(Raw data):
········
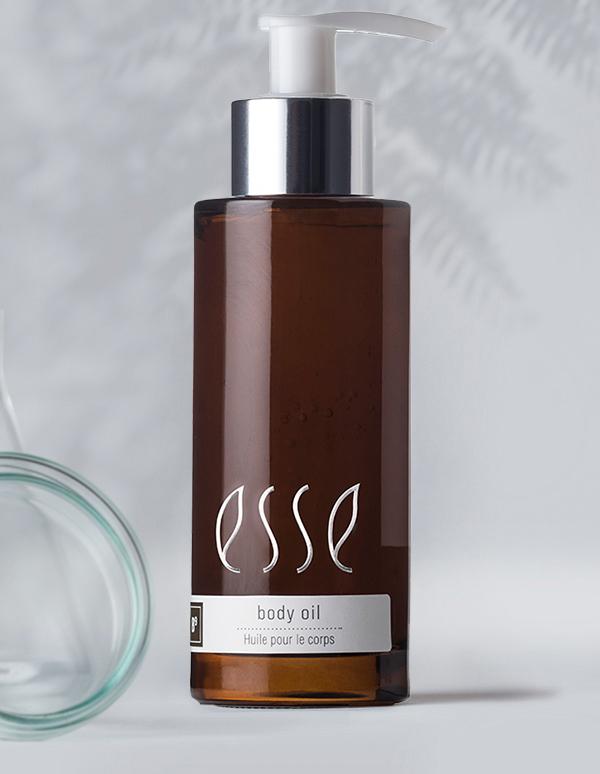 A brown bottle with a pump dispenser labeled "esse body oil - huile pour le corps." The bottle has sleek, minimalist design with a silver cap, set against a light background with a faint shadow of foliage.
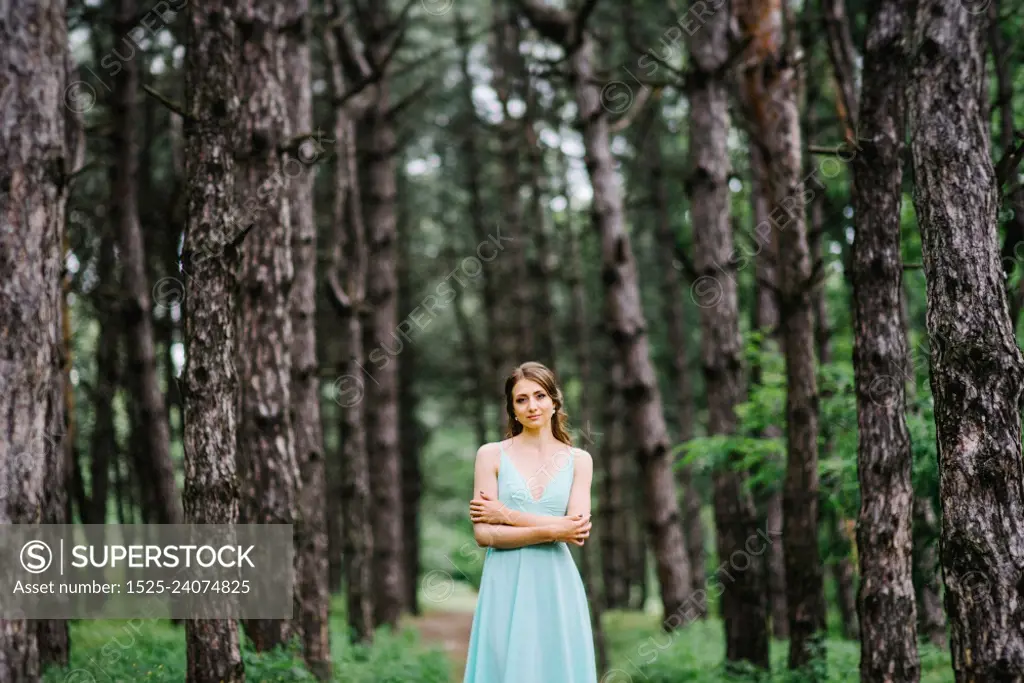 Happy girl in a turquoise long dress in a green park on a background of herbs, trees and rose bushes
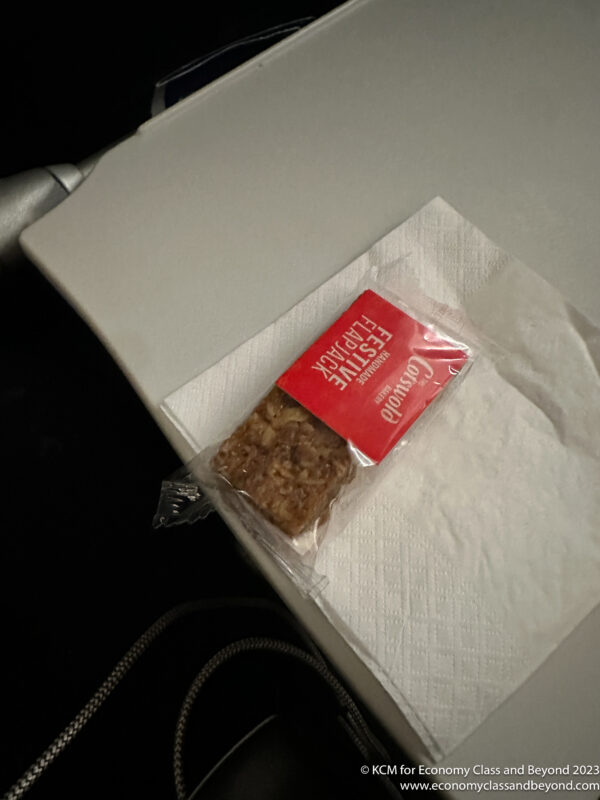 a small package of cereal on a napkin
········
(What you are asked to do):
Keep every word of the data as it is when you write it out, but drop the pictures.

(Answer area):
 A brown bottle with a pump dispenser labeled "esse body oil - huile pour le corps." The bottle has sleek, minimalist design with a silver cap, set against a light background with a faint shadow of foliage.
 Happy girl in a turquoise long dress in a green park on a background of herbs, trees and rose bushes
 a small package of cereal on a napkin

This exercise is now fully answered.